Trying to provoke Sir Andrew to challenge Cesario (Viola); "brimstone" means sulphur.)
Keep up the fires of thought, and all will go well.
(Henry David Thoreau (1817-1862), U.S. philosopher, author, naturalist. Letter, September 26, 1859, to Harrison Blake, in The Writings of Henry David Thoreau, vol. 6, p. 356, Houghton Mifflin (1906).)
The property of rain is to wet and fire to burn.
(William Shakespeare (1564-1616), British dramatist, poet. Corin, in As You Like It, act 3, sc. 2, l. 26-7.
The shepherd's common sense.)
You can always see a face in the fire.
(Henry David Thoreau (1817-1862), U.S. philosopher, author, naturalist. Walden (1854), in The Writings of Henry David Thoreau, vol. 2, p. 281, Houghton Mifflin (1906).)

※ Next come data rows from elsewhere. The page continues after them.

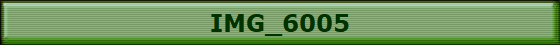 IMG_6005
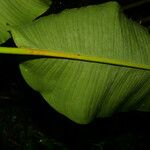 Heliconia nutans 葉
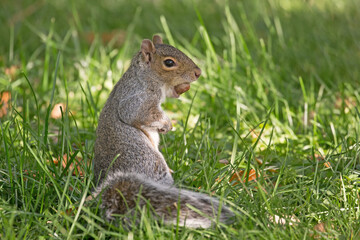 Naklejka na ściany i meble Original wildlife photograph of a single grey squirrel standing up with a acorn in it's mouth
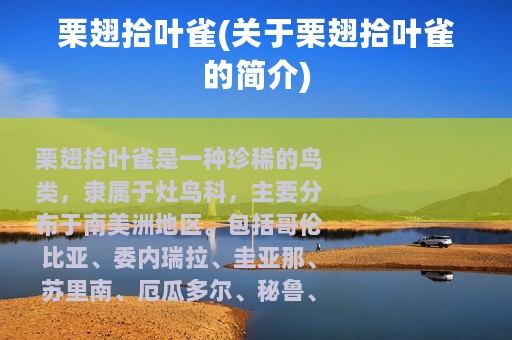 栗翅拾叶雀(关于栗翅拾叶雀的简介)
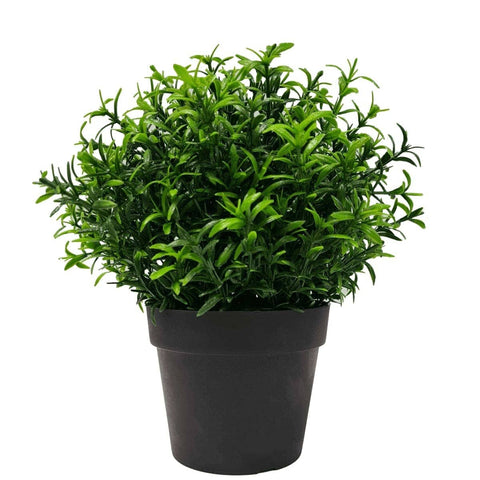 darrahopens Home & Garden > Artificial Plants Small Potted Artificial Bright Rosemary Herb Plant UV Resistant 20cm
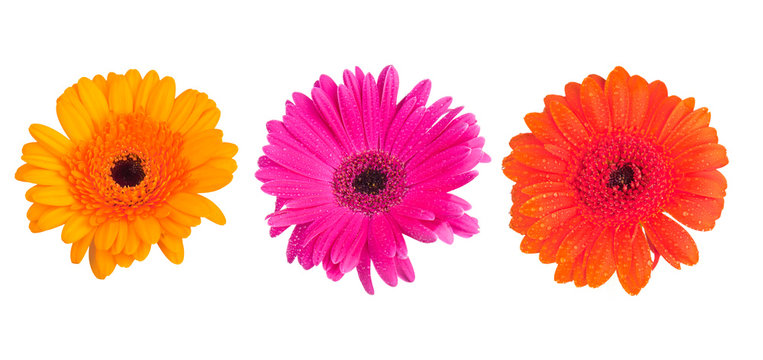 Gerber Daisy isolated on white background 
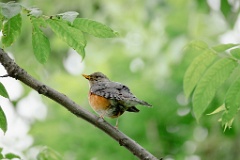 Turdus_hortulorum_2024_0617_1255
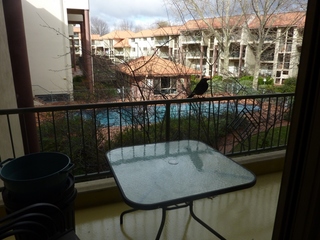 Balcony (2010-07-26)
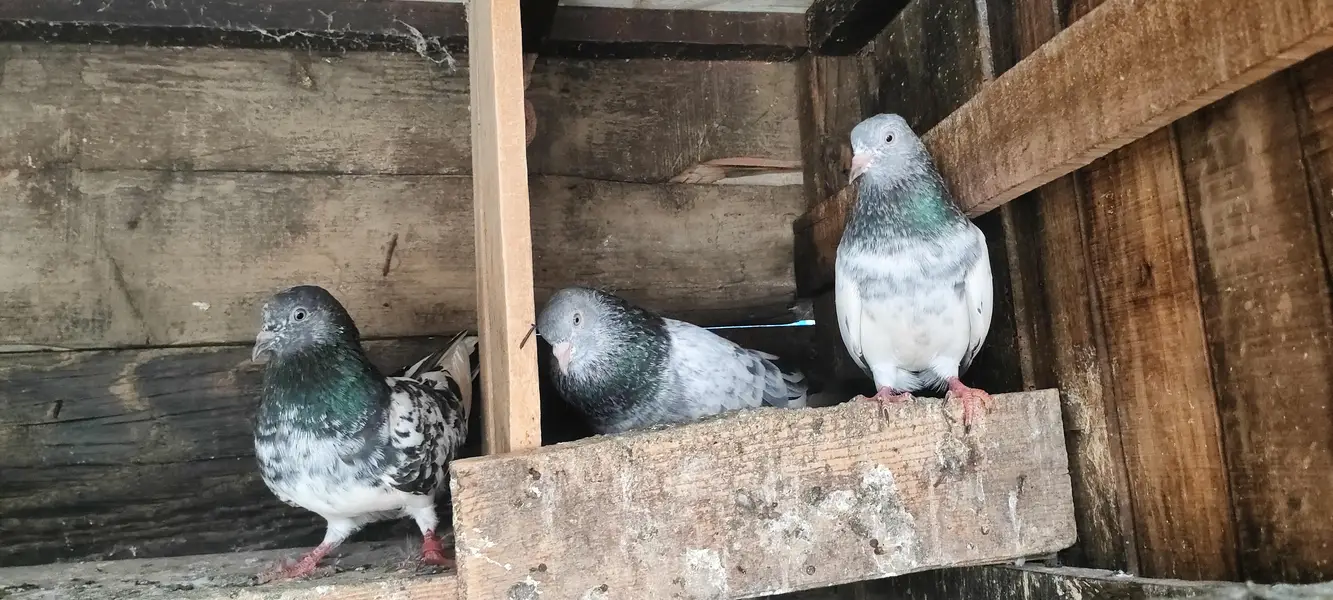Lovebirds for sal — photo 5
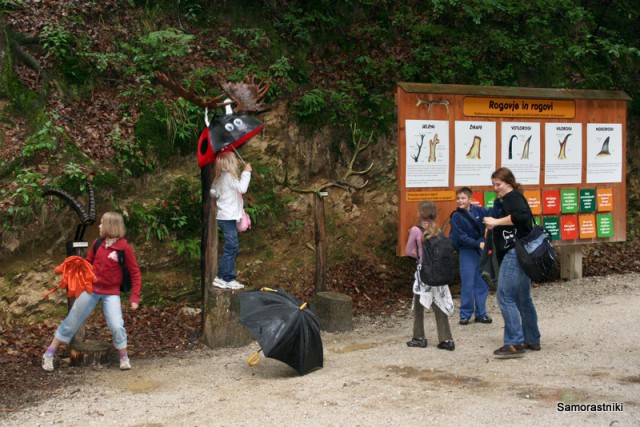 Živalski vrt 2009 - foto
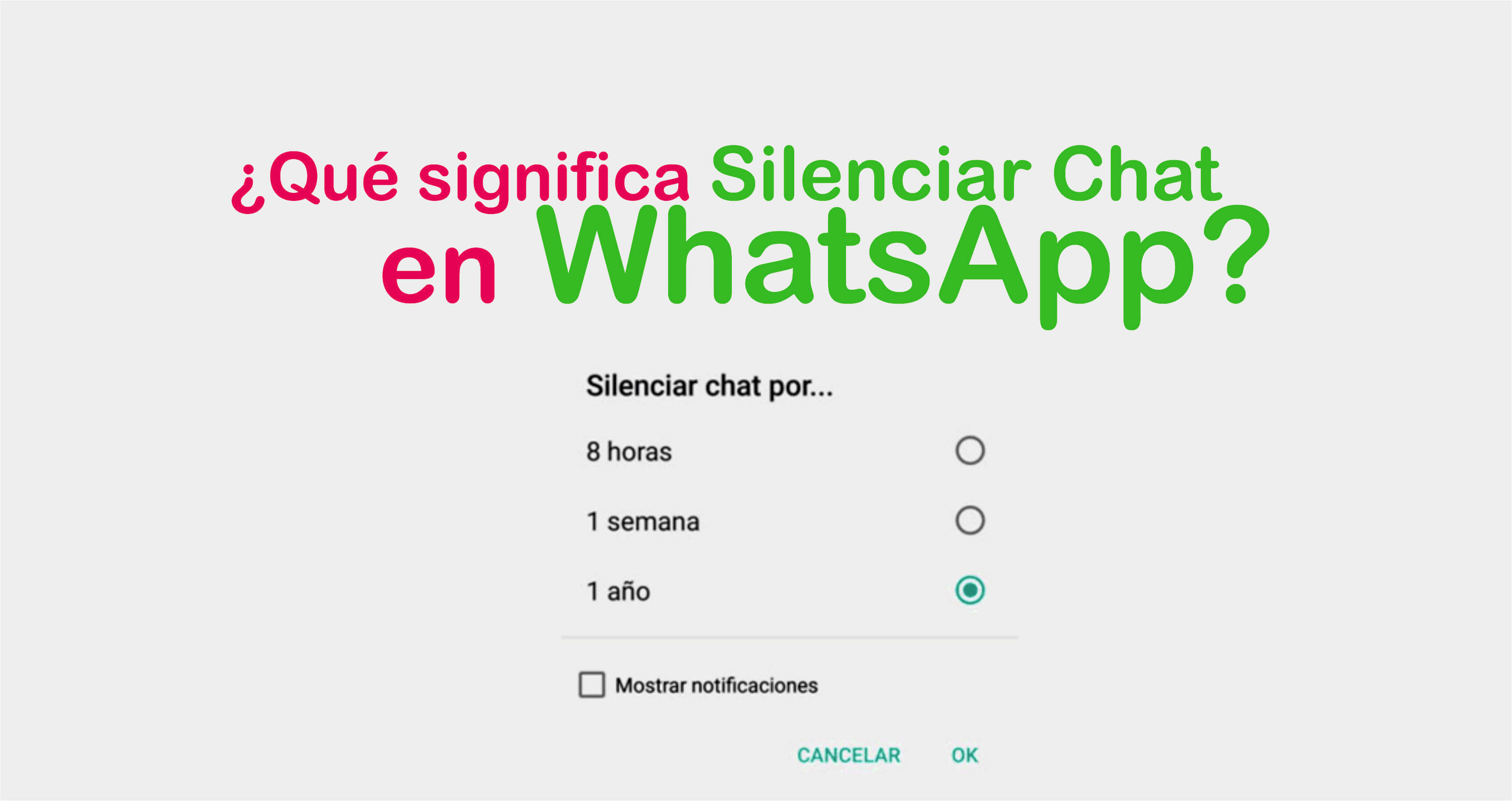Whatsapp klik en chat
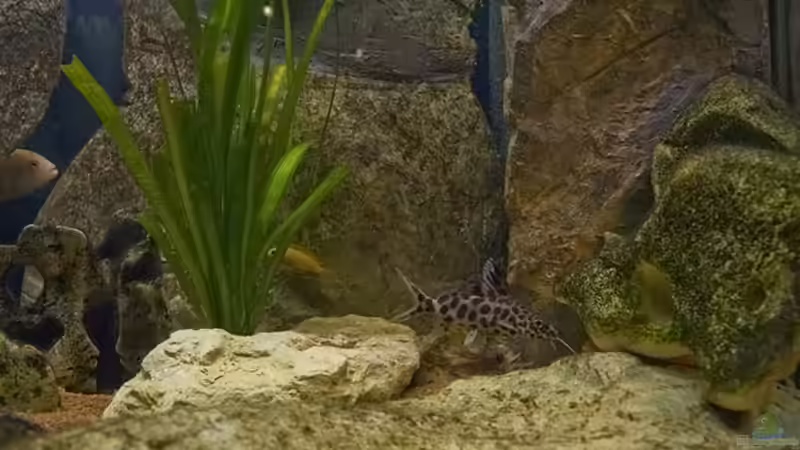 Besatz im Aquarium Becken 11282 von Markus Brachmann (13)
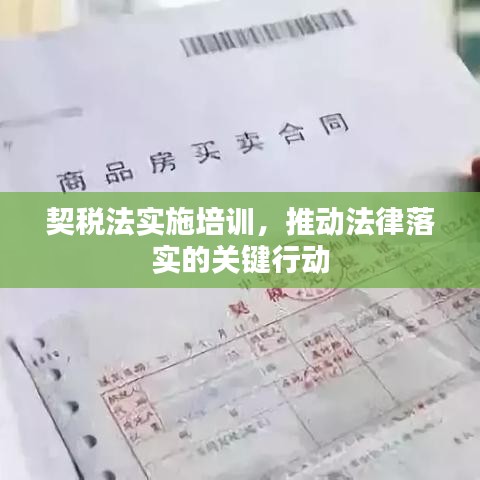 契税法实施培训，推动法律落实的关键行动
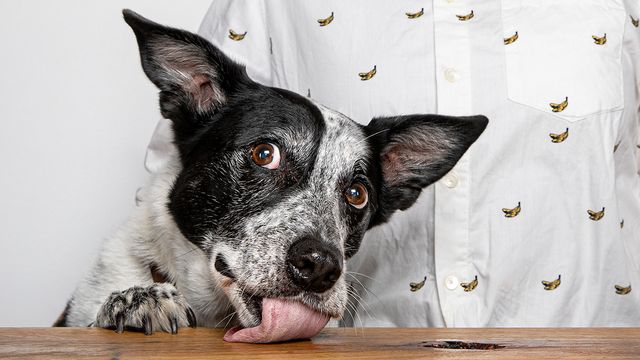 dog-licking-table-looking-into-camera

I never see thy face but I think upon hell-fire.
(William Shakespeare (1564-1616), British dramatist, poet. Falstaff, in Henry IV, Part 1, act 3, sc. 3, l. 31.
To Bardolph, whose nose is red.)
In dinner talk it is perhaps allowable to fling any faggot rather than let the fire go out.
(J.M. (James Matthew) Barrie (1860-1937), British playwright. Tommy and Grizel, ch. 3 (1900).)
Next to the striking of fire and the discovery of the wheel, the greatest triumph of what we call civilization was the domestication of the human male.
(Max Lerner (b. 1902), U.S. author, columnist. First published in New York Post (June 16, 1958). "The Revolt of the American Father," pt. 2, The Unfinished Country (1959).)
Love can no more continue without a constant motion than fire can; and when once you take hope and fear away, you take from it its very life and being.
(François, Duc De La Rochefoucauld (1613-1680), French writer, moralist. repr. F.A. Stokes Co., New York (c. 1930). Moral Maxims and Reflections, no. 76 (1665-1678), trans. London (1706).)
The trouble is that no devastating or redeeming fires have ever burnt in my life.... My life began by flickering out.
(Ivan Goncharov (1812-1891), Russian novelist. Oblomov, in Oblomov, pt. 2, ch. 4 (1859), trans. by David Magarshak (1954).)
It is hard to hate what one has loved, and a half-extinguished fire is soon relit.
(Pierre Corneille (1606-1684), French playwright. Sertorius, in Sertorius, act 1, sc. 3 (1662).)